©2018「素敵なダイナマイトスキャンダル」製作委員会

 

名物編集者、末井昭の数奇な人生を映画化
映画音楽を手掛けた菊地成孔が、あの天才写真家を演じる!

 昭和のエロ本業界を渡り歩いた名物編集者、末井昭の自伝的エッセイ「素敵なダイナマイトスキャンダル」が、冨永昌敬監督によって映画化。原作には様々な要素が詰まっているが、まず魅力的なのは末井昭というキャラクターだ。岡山の山村で育ち、子供の頃、母親がダイナマイト心中するという強烈な過去を持つ末井。学校を卒業すると憧れていた町工場で働くが、仕事に堪えられずにすぐ退社。ひょんなことからデザインに興味を持ち、学校へ行くも学校が閉鎖、キャバレーに入社して看板を描き始める。そして、友達のツテでエロ雑誌の世界に足を踏み入れると「NEW self」「ウィークエンドスーパー」「写真時代」など、伝説的な雑誌を次々と世に送り出していく。行き当たりばったりに生きているようで、得体の知れないふてぶてしさがある、そんな喰えないキャラクターを、柄本佑が飄々と演じていて、本作は末井をめぐる人物たちの群像劇になっている。

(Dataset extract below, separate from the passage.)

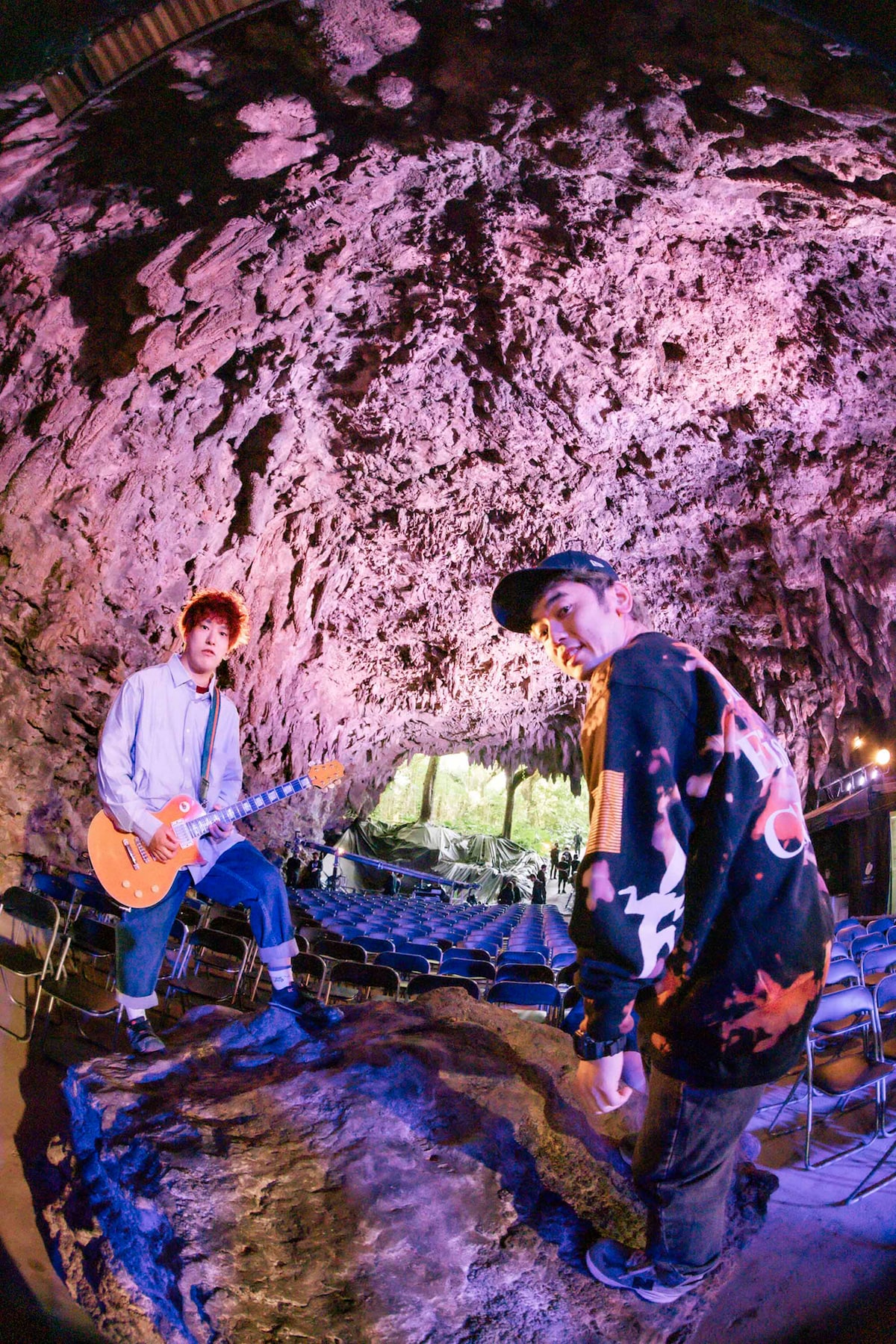 左からHIROKAZ（G）、RYU-TA（G, Cho）。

 末井の親友・近松さんを銀杏BOYZの峯田和伸、荒木経惟をモデルにした写真家をなんと菊地成孔が演じているが、菊地の存在感そのものが荒木的だということに気付かされる秀逸なキャスティングだ。また、末井をめぐる女性達の艶やかさにも注目したいところ。母親・富子に尾野真千子、妻・牧子に前田敦子、愛人・笛子に三浦透子。なかでも、山中を幽霊のようにさまよう富子や精神を病んでいく笛子といった、危うい女性達が醸し出すエロスが映画に妖しい彩りを与えている。

©2018「素敵なダイナマイトスキャンダル」製作委員会

 また本作には、昭和の風俗史という側面もある。キャバレーやエロ雑誌の舞台裏でうごめく人間模様を、毒気たっぷりに描き出していくあたりは野坂昭如の「エロ事師たち」を彷彿とさせたりも。とりわけ80年代に入ってから、業界関係者の吹き溜まりになった喫茶店で、ラヴホテルで、時には警視庁で繰り広げられるエロとゲージュツのせめぎあいのドラマからは、時代の熱気が伝わってくる。そんななか、次第に末井の内面の歪みが外部に滲み出ていくような後半で、冨永の語り口はますます冴え渡る。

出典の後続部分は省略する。